Frankly, for Google to even suggest that this is the case presents it as unprofessional for not adhering to basic project development principles - which given the success of Google and their market dominance would seem highly unlikely. One would not expect a company to have prevailed in the technology sector if it was delivering technologies in such a haphazard fashion.
Given my job, I have a responsibility to investigate these matters and report them to my colleagues at Privacy International so we can investigate further on whether or not we need to take any action. Given the above evaluation we decided that it was implausible to suggest that this was an accident and so we published an open letter insisting that the data collected should be retained as it was evidence which may be required for future prosecutions. We were deeply concerned that several regulators (including our own UK Information Commissioner) had asked Google to destroy this data and after discussing this with our legal advisers we put Google on notice for destruction of evidence. Google agreed to keep the data.

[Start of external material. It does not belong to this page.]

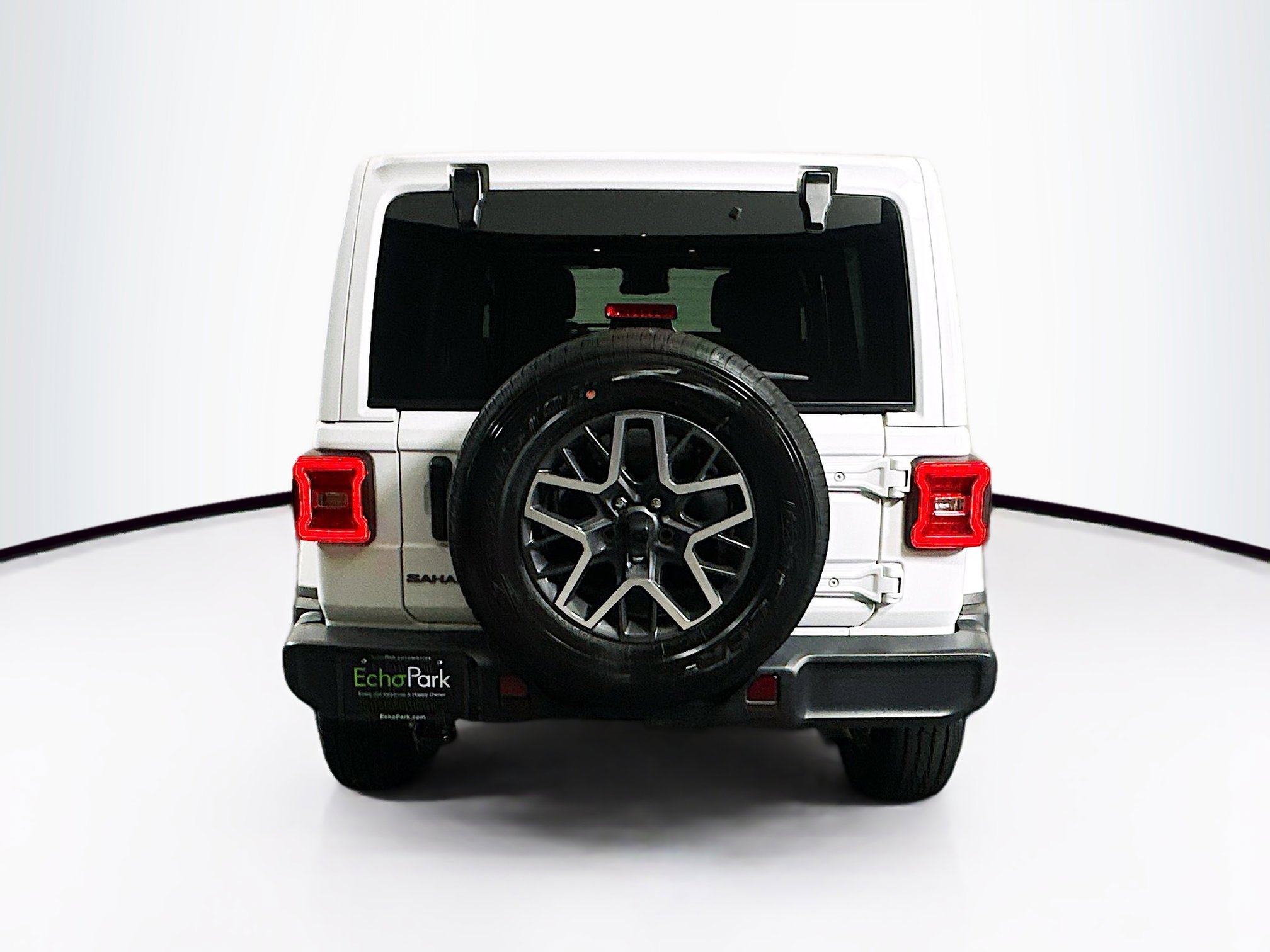 Used 2025 Jeep Wrangler Unlimited Sahara AWD/4WD image 7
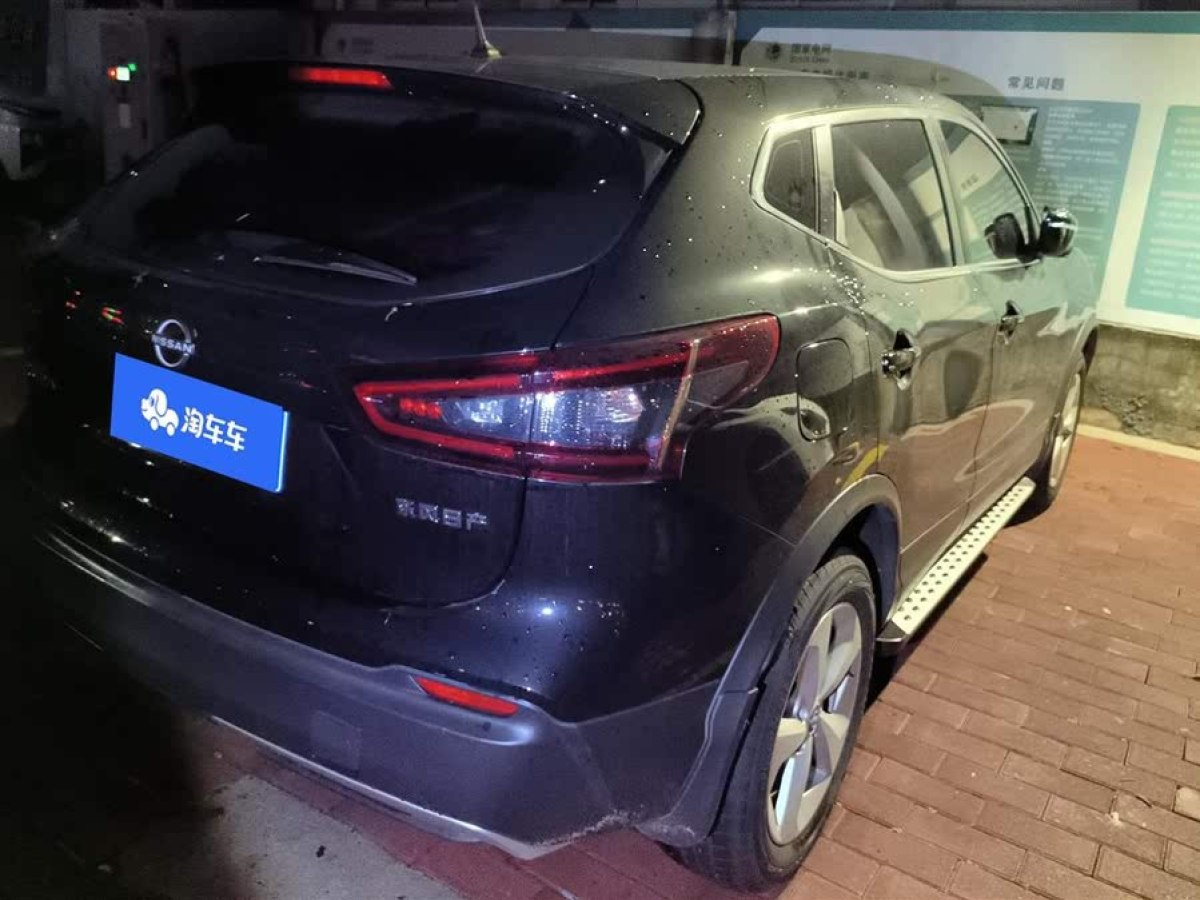 日產(chǎn) 逍客  2023款 經(jīng)典 2.0L CVT XV舒適版圖片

From that point we sought legal opinion on whether or not Google was likely to have breached criminal law in the UK, specifically the Regulation of Investigatory Powers Act 2000 (RIPA) and probably the Wireless Telegraphy Act 2006. RIPA covers the interception of communications without a warrant or the consent of all parties and the Wireless Telegraphy Act covers the unauthorised use of wireless stations and apparatus.
Allow me at this point to address all the people reading this piece yelling: “So what? People should have encrypted their Wi-Fi networks.” First, I agree of course that people should encrypt their Wi-Fi networks – As a privacy advocate it would be folly for me to suggest otherwise. But as always these issues are not so simple. The vast majority of the general population are not technical experts, they have no understanding of what encryption is nor how their Wi-Fi networks work; they just plug them in and use them. This is not something we have a right to criticise - it is the nature of the real world in which we live and just because that data is exposed it certainly doesn't give anyone the right to exploit the situation.
Back to the matter at hand. We were convinced that this could not be set aside as accidental, but at the same time when taking on a behemoth such as Google it is important to get it right, so we felt we needed more evidence before taking any direct action.
Then on June 3rd 2010 as a result of ongoing class action suits in the US it emerged that Google had filed a patent application for similar technology in 2008, this reinforced our opinion that this could not have been rogue code. In order for a patent application to be filed, it seemed obvious to us that Google's legal department would have had to review the technology and submit the application. This also would suggest that the project had been funded which in itself would require the attention of managers, designers, developers and testers.
We had further discussions with our legal advisers and felt this latest information strengthened our case but we wanted to take a few days to decide what we were going to do. Before we had a chance to make that decision, Google made it for us.
On 9th June 2010 an independent audit of the software was released which clearly showed that this data had been processed in a deliberate manner. Google's software was not just sucking up all this Wi-Fi data and archiving it to disk, it was treating encrypted and unencrypted data differently.
The encrypted data is useless to Google. The company can't read it and therefore has no use for it, so it was discarded. However, the unencrypted data which Google has admitted to grabbing contains emails and information on web browsing and other internet activities does have a real commercial value attached to it, and Google saved that data to disk. This deliberate processing is a clear example of intent to process and indeed proves the data was actually processed in a non-arbitrary manner.